Given information:
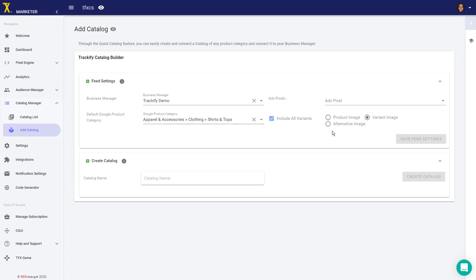Why would you create multiple catalogs? One reason is to split test the difference between a catalog that uses product images without including all variants and another catalog where you use all variants.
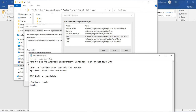So now we have successfully updated the Android home path under both user variables and system variables. To summarize: the SDK path is set as a variable called ANDROID_HOME, and then platform-tools and tools paths are both updated inside the Path variable. I hope you now have an idea of how to set the Android home path inside environment variables. Thank you.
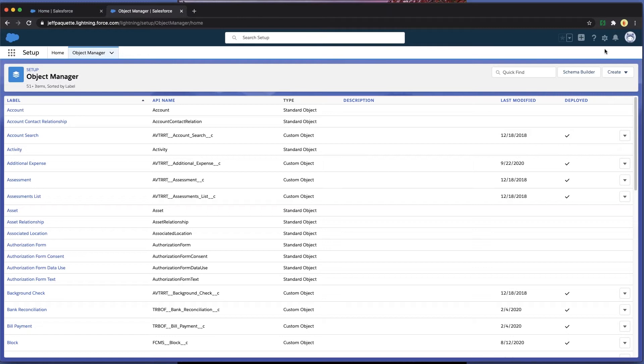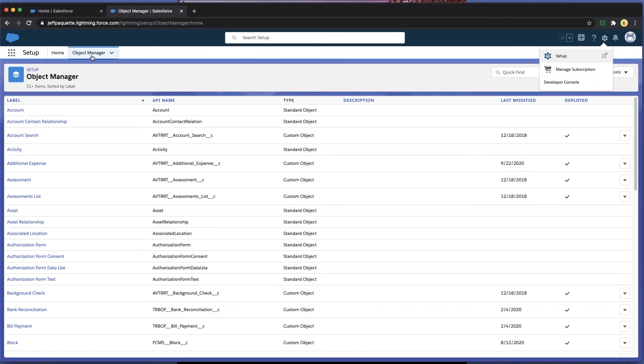Easily create the new record to fit your needs. Go to the setup menu and then click on Object Manager.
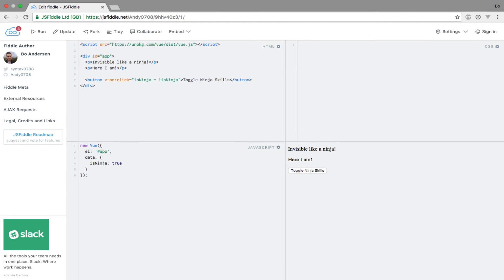In the previous lecture we took a look at the v-if, v-else-if and v-else directives. These directives add or remove elements from the DOM depending on the evaluation of expressions.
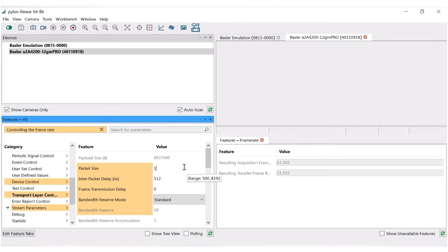Every value greater than 1500 is considered a jumbo packet. This reduces the CPU load, but you have to make sure your NIC supports jumbo packets.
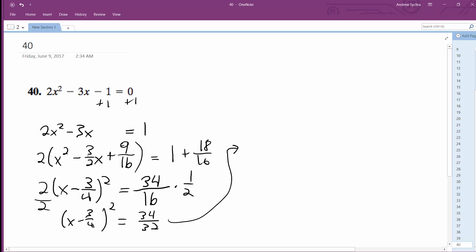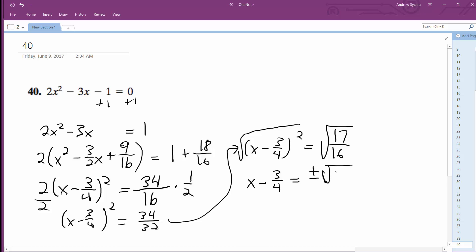Continuing on, x minus 3 over 4 squared is equal to 17 over 16. I'll take the square root of both sides, so I get x minus 3 over 4 is equal to plus or minus the square root of 17 over 4. I'm going to add 3 fourths to both sides.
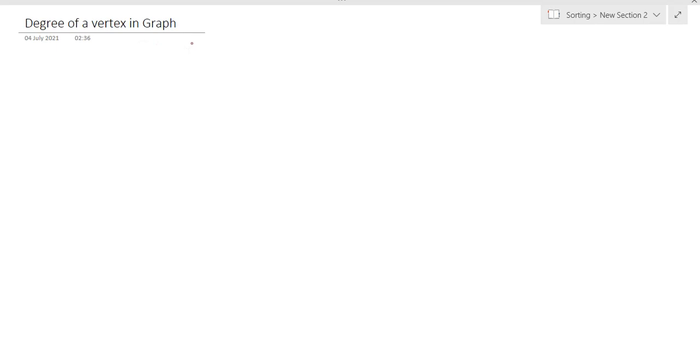In this video, we are going to discuss how you can determine the degree of a vertex of a graph. Degree-related questions are asked in many companies like Capgemini and others, so it is very important for you to understand how you can determine the degree of a vertex.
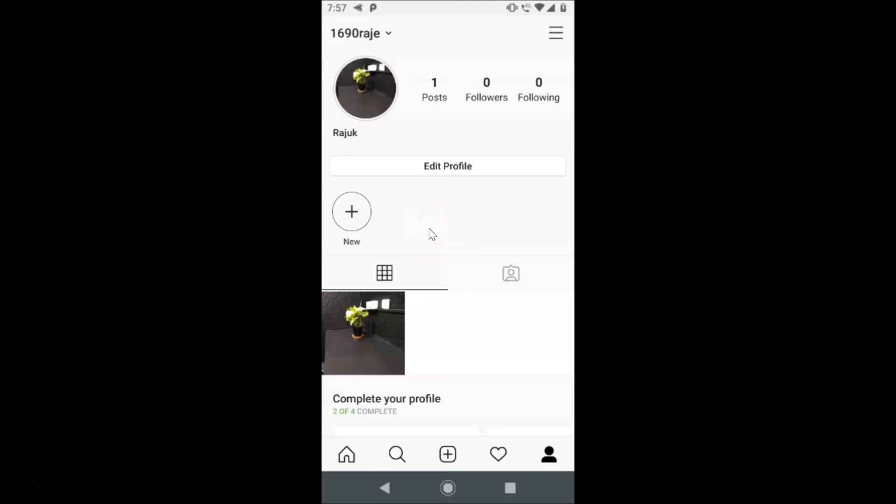So guys, that's it! In this way you can easily delete a highlight in Instagram on Android. Thanks for watching — if you like my videos, please support this channel by subscribing to it. Thanks, bye bye!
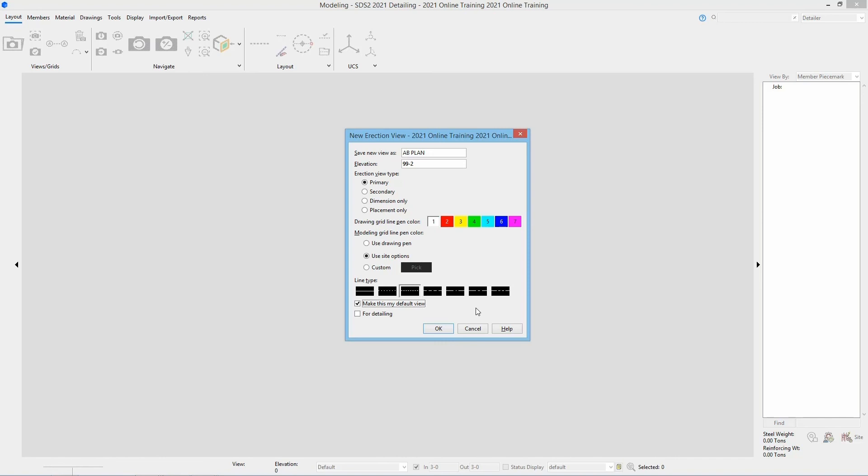In this case, I am going to go ahead and check for detailing and I'm going to say OK.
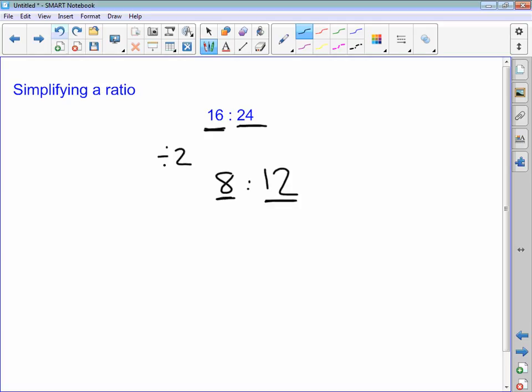However, I noticed that 4 goes into 8 and also goes into 12. So I'm going to divide both sides by 4. So 8 divided by 4 is 2, and 12 divided by 4 is 3.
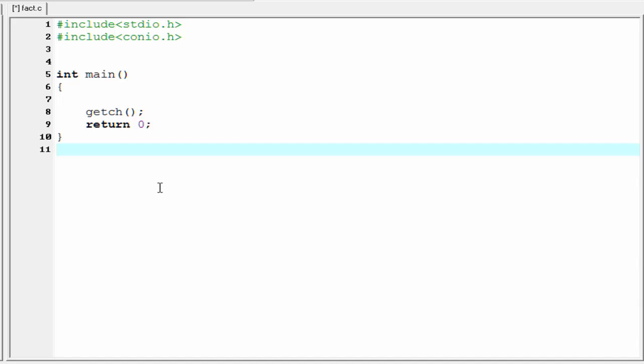Hello friends, welcome to Slide Hunt C programming video tutorial. In this tutorial I am going to talk about recursion in C. So first we know what is recursion — a function that can call itself is called recursion. Let's see an example to explain recursion.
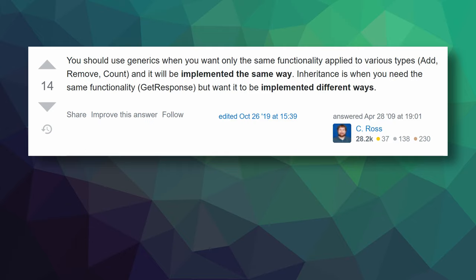Inheritance should be used when you need the same functionality, such as getResponse, but you want it to be implemented in different ways for each type.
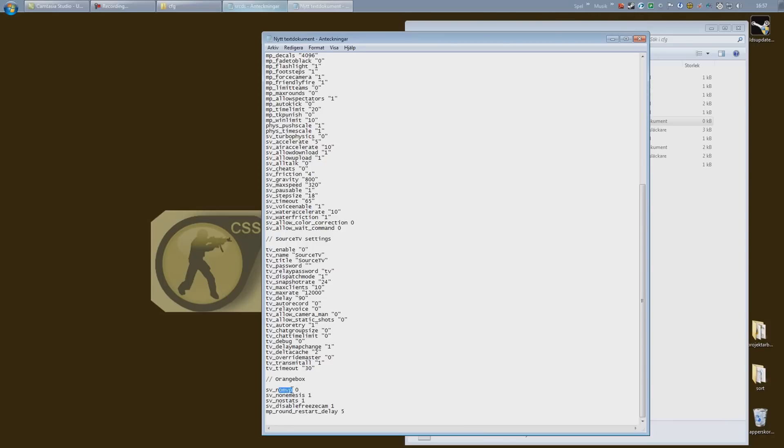No MVP false. I want MVP so I'm gonna have a 0 there. No nemesis, I want that too, so I'm gonna place a 0 here. No stats, I want stats so 0.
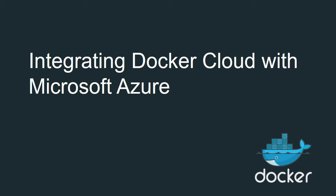In this video, we're going to take a look at some of the tight integrations between Docker Cloud and Microsoft Azure. Things like building a new swarm but having all of the required infrastructure like instances, security groups, and load balancers automatically bootstrapped for you.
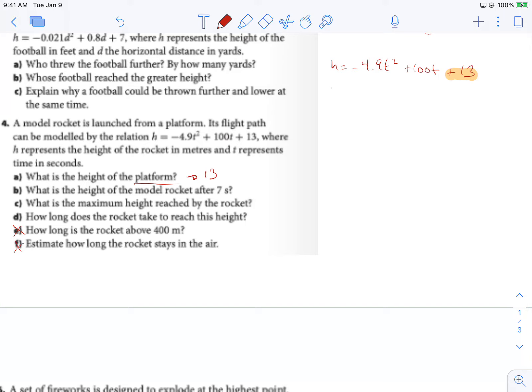What's the height of the model rocket after 7 seconds? We'll take negative 4.9 and substitute 7 for t to see what the height is at 7 seconds. Let's put it in our calculator — negative 4.9 times 7 squared plus 100 times 7 plus 13. The answer is 472.9.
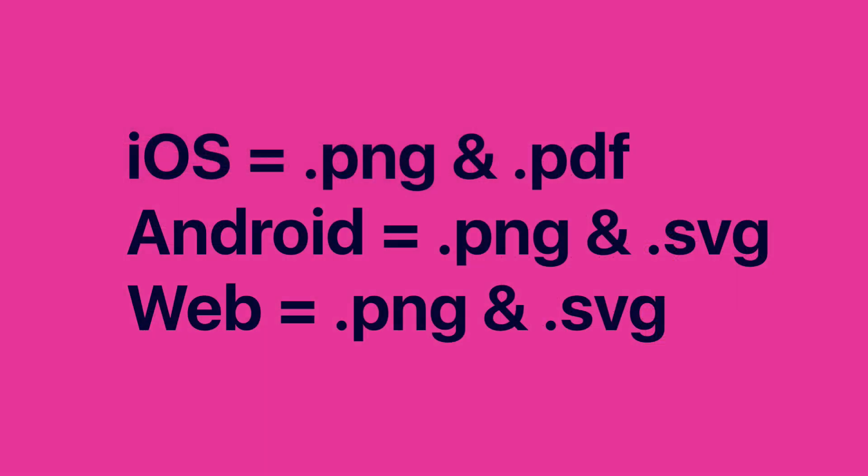So for web you'll get PNGs and SVGs, for iOS you'll get PNG and PDFs, for Android you'll get five different resolutions of PNGs and an SVG.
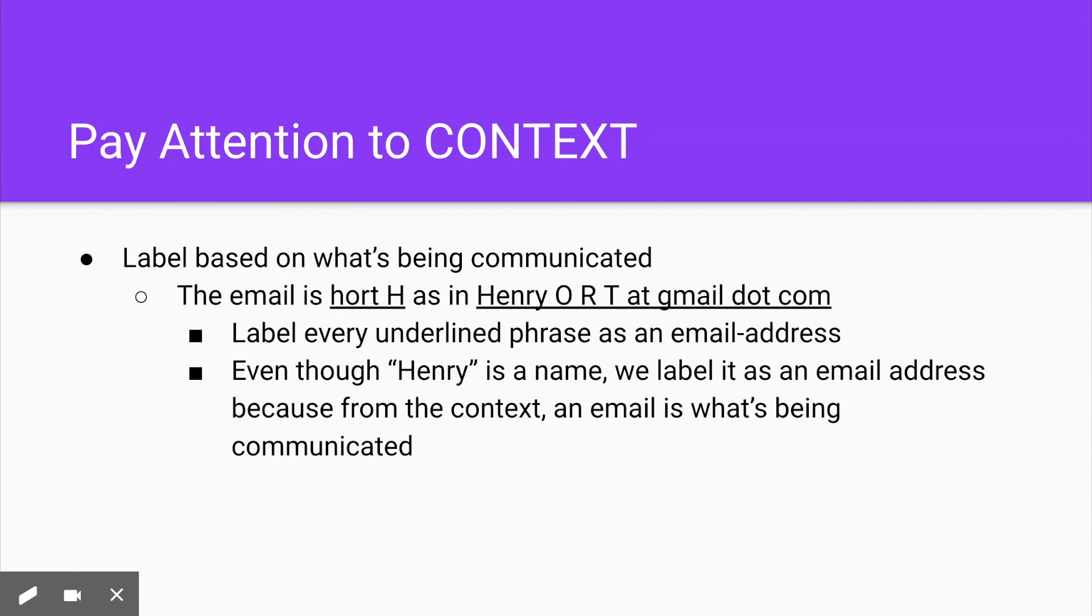We'll be labeling H and Henry because H is used to spell the email and Henry is used to clarify the spelling. And therefore, Henry should be labeled as an email address and not as a name because it's being used to communicate an email.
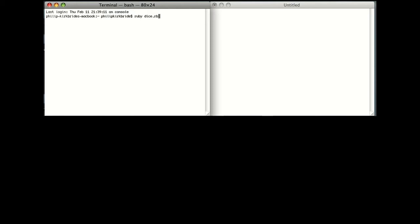And what we're going to end up with is a program like this. When on enter, it gives us two values, one for each die in a total. And when we press Q, it exits the program.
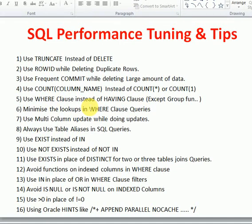Hi friends, welcome to SQL performance tuning video tips. In this video I am going to explain some tips you can follow while writing SQL queries to improve query performance. When you are working on database-side applications, data warehousing, or reporting, these tips will give better performance compared to normal approaches, and they are also standard things to follow as an Oracle SQL developer.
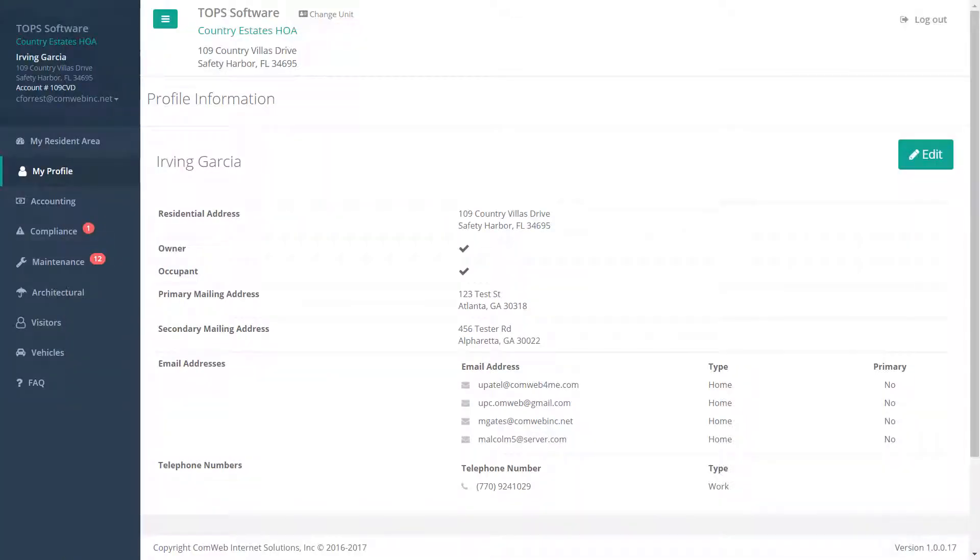Now let's go over the resident side of the portals in a little more detail. The My Profile area shows the resident all of his profile information held in the manager's files. Residents can edit and change their information, and it will automatically update the manager's files.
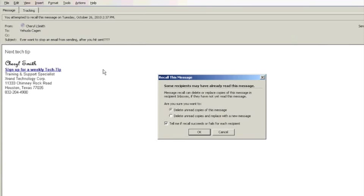this is what's going to come up. It will say some recipients may have already read this message and ask you to delete unread copies of the message or delete unread copies and replace with a new message.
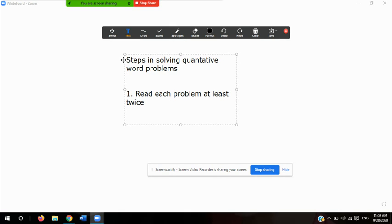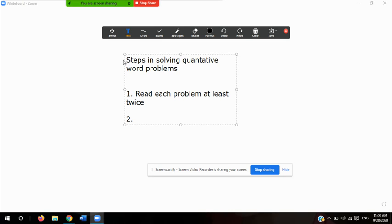We want to read it twice because there's always some important information or data given to you in those word problems. The textbook on page 51 says: note any important descriptive terms that clarify or add meaning to the problem, identify and list the data given in the problem, and also identify the unknown quantity you're asked to find. So step one is to analyze — read the problem and write down any important data: what's given, what's being asked.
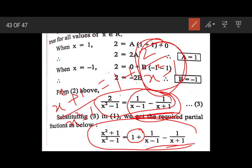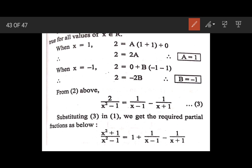This is the method: when the given fraction is improper, first convert it into a proper fraction using actual division and write it in quotient plus remainder upon divisor form. Then resolve the proper fraction part into partial fractions.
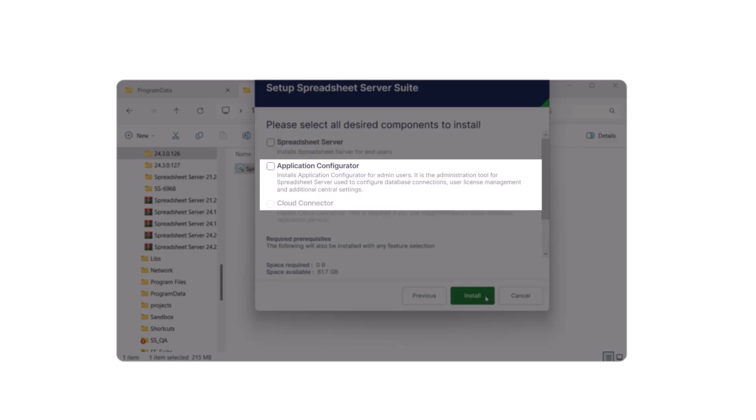Application Configurator serves as a central administration hub, enabling the creation and maintenance of license keys, profiles, security settings, database connection credentials, and so on.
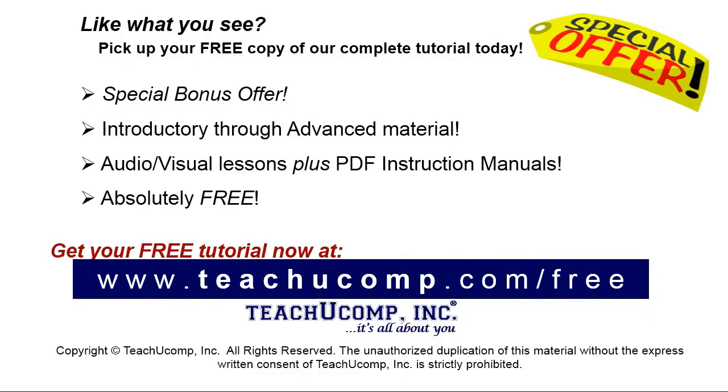Like what you see? Pick up your free copy of the complete tutorial at www.teachucomp.com forward slash free.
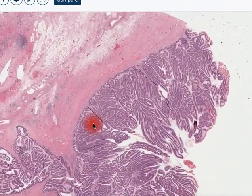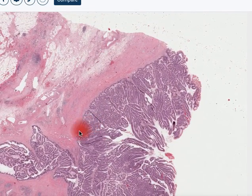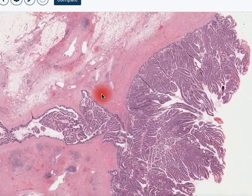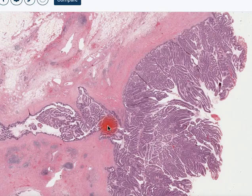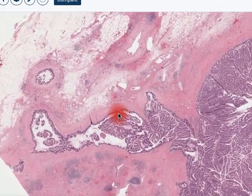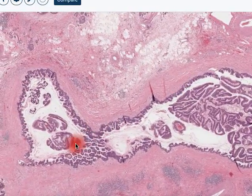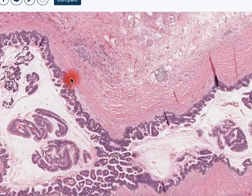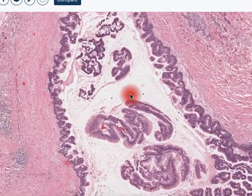We would consider this to be an intraductal papillary mucinous neoplasm with areas of dysplasia. Now that is established, we have to ask the question: is there evidence of invasion? So we'll look further along this margin to see whether there is evidence that this is other than an intraductal process.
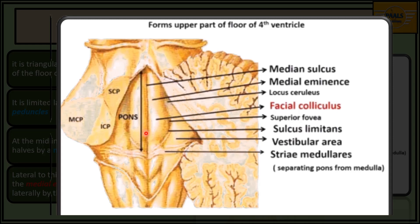At the midline of this fossa we have a median groove called the median sulcus. At each side of the median sulcus we will see a ridge called the median eminence — one on the right and one on the left. Following the median eminence laterally, we will see a sulcus called the sulcus limitans.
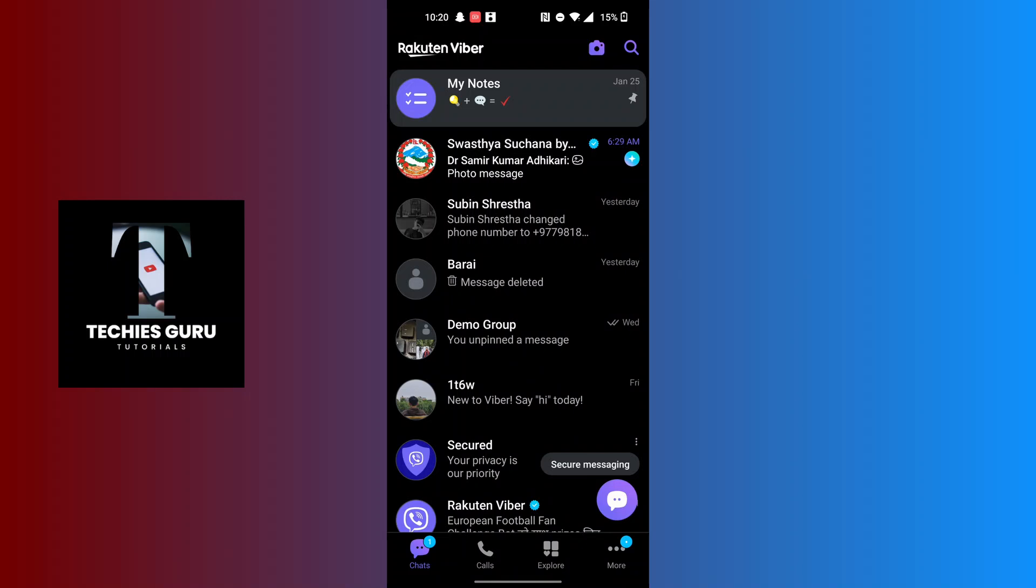how you can unpin a conversation on Viber. If you have any confusions or questions regarding this topic, feel free to comment in the comment section below. Don't forget to like, subscribe, and hit that bell icon for more videos. Thank you for watching, peace!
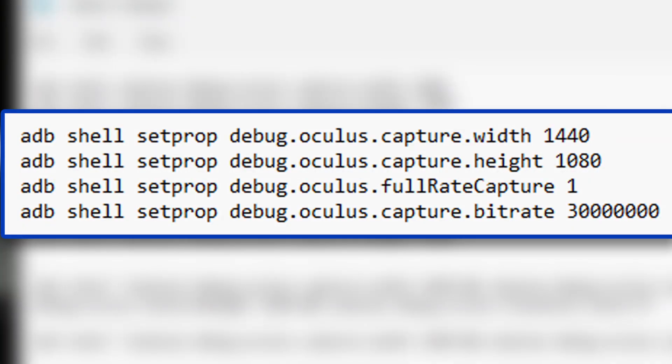Now, the reason I use Full Rate Capture 1 is because I want to capture at higher frame rates, rather than 30 FPS.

What is being asked: Everything from the line above that contains "So guys, that's" down to the line that contains "In this case, I" must be reproduced exactly, both ends included. Omit the pictures.

The completed task:
So guys, that's it! In this way you can easily delete a highlight in Instagram on Android. Thanks for watching — if you like my videos, please support this channel by subscribing to it. Thanks, bye bye!
In this case, I am going to go ahead and check for detailing and I'm going to say OK.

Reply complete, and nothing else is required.